WHAT YOU HAVE TO DO ▸ If a line contains "後藤舜アナのマッチョな自撮り写真", it is the last one to write out; begin with the first line of the records and copy each exactly.

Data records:
----

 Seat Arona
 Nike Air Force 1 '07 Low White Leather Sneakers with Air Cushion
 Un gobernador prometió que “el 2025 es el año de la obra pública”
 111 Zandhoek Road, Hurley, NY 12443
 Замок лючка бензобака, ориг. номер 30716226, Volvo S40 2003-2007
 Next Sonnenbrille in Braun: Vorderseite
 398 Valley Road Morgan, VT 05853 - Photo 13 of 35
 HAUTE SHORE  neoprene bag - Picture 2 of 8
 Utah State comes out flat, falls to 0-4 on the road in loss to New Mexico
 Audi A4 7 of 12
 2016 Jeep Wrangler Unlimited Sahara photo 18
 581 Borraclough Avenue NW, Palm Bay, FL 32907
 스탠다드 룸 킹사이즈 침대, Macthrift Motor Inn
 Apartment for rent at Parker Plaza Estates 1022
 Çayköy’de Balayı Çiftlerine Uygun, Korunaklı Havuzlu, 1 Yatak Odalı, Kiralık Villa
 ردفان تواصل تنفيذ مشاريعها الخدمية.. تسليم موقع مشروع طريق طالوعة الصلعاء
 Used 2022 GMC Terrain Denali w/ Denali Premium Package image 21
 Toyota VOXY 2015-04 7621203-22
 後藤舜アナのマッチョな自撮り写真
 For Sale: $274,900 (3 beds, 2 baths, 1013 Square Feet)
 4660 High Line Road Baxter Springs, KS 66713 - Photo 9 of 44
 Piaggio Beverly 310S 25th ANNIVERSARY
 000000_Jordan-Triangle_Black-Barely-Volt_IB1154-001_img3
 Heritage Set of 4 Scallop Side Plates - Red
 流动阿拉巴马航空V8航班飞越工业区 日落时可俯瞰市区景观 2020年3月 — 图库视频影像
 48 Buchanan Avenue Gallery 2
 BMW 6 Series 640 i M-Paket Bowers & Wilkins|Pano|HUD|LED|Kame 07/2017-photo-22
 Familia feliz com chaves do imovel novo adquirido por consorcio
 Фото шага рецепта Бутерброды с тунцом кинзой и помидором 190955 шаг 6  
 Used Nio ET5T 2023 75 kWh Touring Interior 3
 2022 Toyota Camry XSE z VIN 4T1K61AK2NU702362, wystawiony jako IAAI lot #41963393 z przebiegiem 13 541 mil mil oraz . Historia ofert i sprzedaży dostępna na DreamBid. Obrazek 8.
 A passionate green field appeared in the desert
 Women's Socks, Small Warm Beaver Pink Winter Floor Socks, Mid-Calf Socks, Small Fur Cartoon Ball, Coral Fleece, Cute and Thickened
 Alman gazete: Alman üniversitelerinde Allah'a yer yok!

----

FINISHED EXERCISE ▸
 Seat Arona
 Nike Air Force 1 '07 Low White Leather Sneakers with Air Cushion
 Un gobernador prometió que “el 2025 es el año de la obra pública”
 111 Zandhoek Road, Hurley, NY 12443
 Замок лючка бензобака, ориг. номер 30716226, Volvo S40 2003-2007
 Next Sonnenbrille in Braun: Vorderseite
 398 Valley Road Morgan, VT 05853 - Photo 13 of 35
 HAUTE SHORE  neoprene bag - Picture 2 of 8
 Utah State comes out flat, falls to 0-4 on the road in loss to New Mexico
 Audi A4 7 of 12
 2016 Jeep Wrangler Unlimited Sahara photo 18
 581 Borraclough Avenue NW, Palm Bay, FL 32907
 스탠다드 룸 킹사이즈 침대, Macthrift Motor Inn
 Apartment for rent at Parker Plaza Estates 1022
 Çayköy’de Balayı Çiftlerine Uygun, Korunaklı Havuzlu, 1 Yatak Odalı, Kiralık Villa
 ردفان تواصل تنفيذ مشاريعها الخدمية.. تسليم موقع مشروع طريق طالوعة الصلعاء
 Used 2022 GMC Terrain Denali w/ Denali Premium Package image 21
 Toyota VOXY 2015-04 7621203-22
 後藤舜アナのマッチョな自撮り写真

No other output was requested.